La Birmanie libère 651 prisonniers, et Washington s'apprête à rétablir les relations

Écrit par Kremena Krumova, La Grande Époque
23.01.2012
  • Le blogueur dissident Nay Phone Latt (centre)(攝影: / 大紀元)

Les dissidents soupçonnent un geste pour faire lever les sanctions

Le gouvernement birman a annoncé la semaine dernière la libération de 651 prisonniers. Le geste, que certains jugent un important pas vers l'avant, survient deux semaines après que le parti d'opposition – la Ligue nationale pour la démocratie (LND) – a reçu l'autorisation de faire campagne lors de la prochaine élection partielle en avril, et un jour après la signature d'un cessez-le-feu avec un groupe armé de l'ethnie karen. Néanmoins, certains dissidents estiment qu'il s'agit essentiellement d'un stratagème visant à faire lever les sanctions économiques.
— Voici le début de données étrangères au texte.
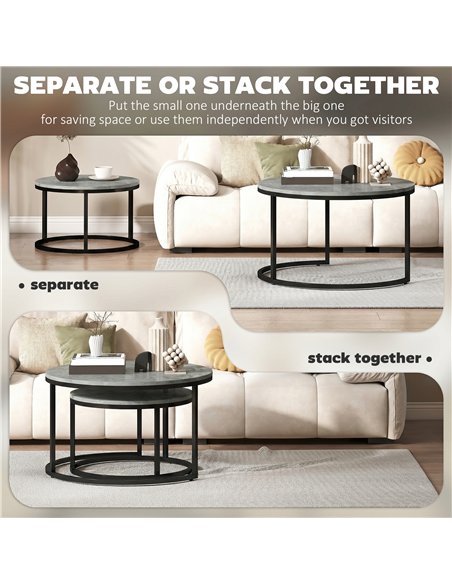 HOMCOM Set of Two Cement-Effect Stacking Tables - Grey - pic 179496 | FastDaddyshop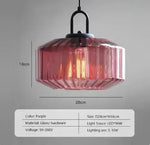 lampe suspendue verre cannelé ambre verte rose moderne minimaliste filament apparent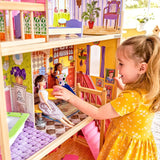 KidKraft Kayla Maison de poupée en bois avec meubles et accessoires, ensemble de jeu à 3 niveaux pour poupée de 30 cm, jouet pour 3 ans et plus, 65092 - Exclusivement sur Amazon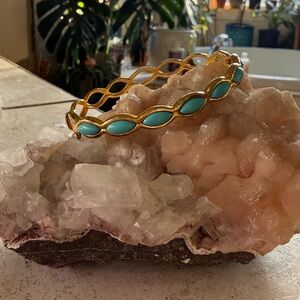 Gold plated over 925 vintage Turquoise infinity Bangle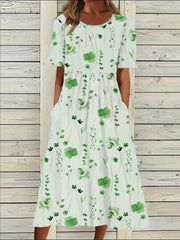 Leaf Print Short Sleeve Maxi Dress With Pockets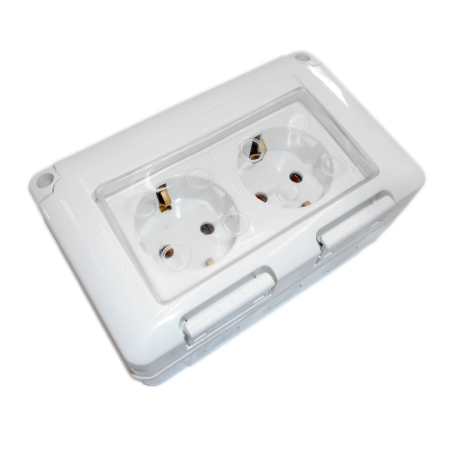 Priza  dubla antigron  cu protectie pe tencuiala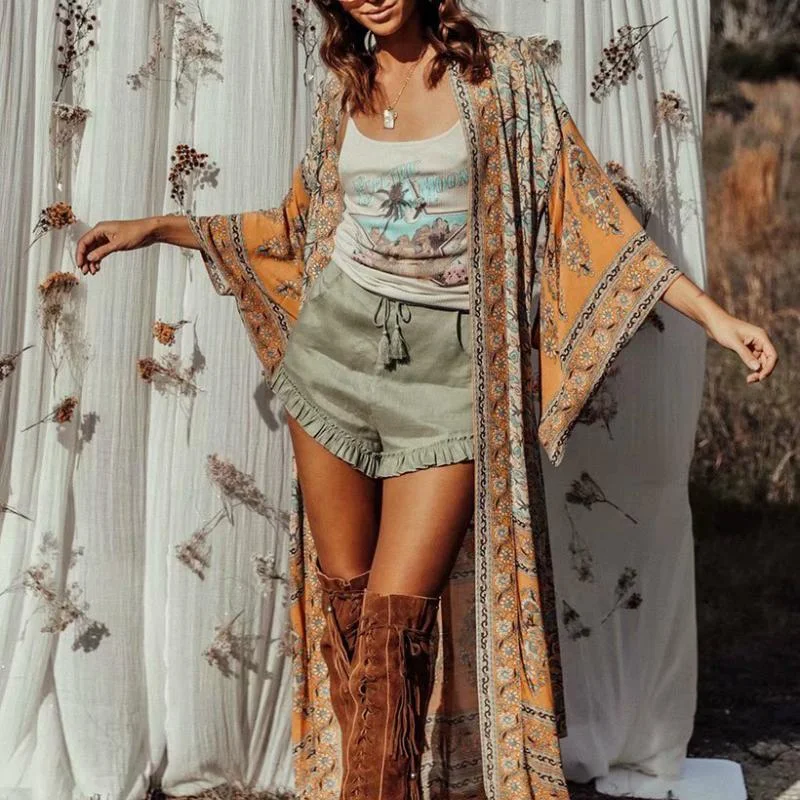 Casual and Comfortable Outfits JuliaFashion-Bohemian Floral Kimono Dress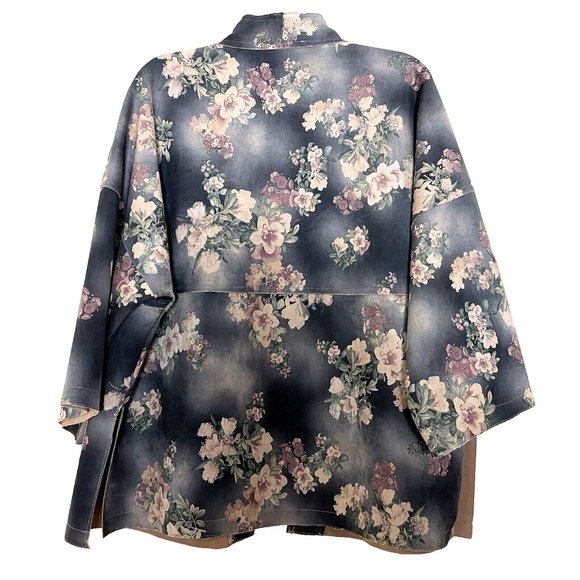 Solitaire Dark Floral Open Front Blazer Jacket Large Faux Suede NEW Fairy - Picture 2 of 10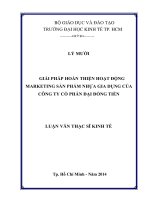 Giải pháp hoàn thiện hoạt động marketing sản phẩm nhựa gia dụng của Công ty cổ phần Đại Đồng Tiến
Le président américain, Barack Obama, a qualifié la libération «d'avancée majeure» et la secrétaire d'État, Hillary Clinton, a annoncé que les deux pays allaient entamer le processus pour échanger des ambassadeurs, une première depuis 21 ans.

Les États-Unis ont rompu leurs relations diplomatiques avec la Birmanie en 1990 après que la junte militaire a rejeté les résultats d'une élection remportée par Aung San Suu Kyi et la LND.

Parmi les prisonniers politiques ayant reçu l'amnistie, on retrouve des vétérans du mouvement étudiant de 1988, des moines ayant participé aux évènements de 2007 et des militants pour les droits de minorités ethniques. Les dissidents les plus connus ayant été libérés sont Htay Kywe, U Khun Htun Oo, Min Ko Naing et U Gambira.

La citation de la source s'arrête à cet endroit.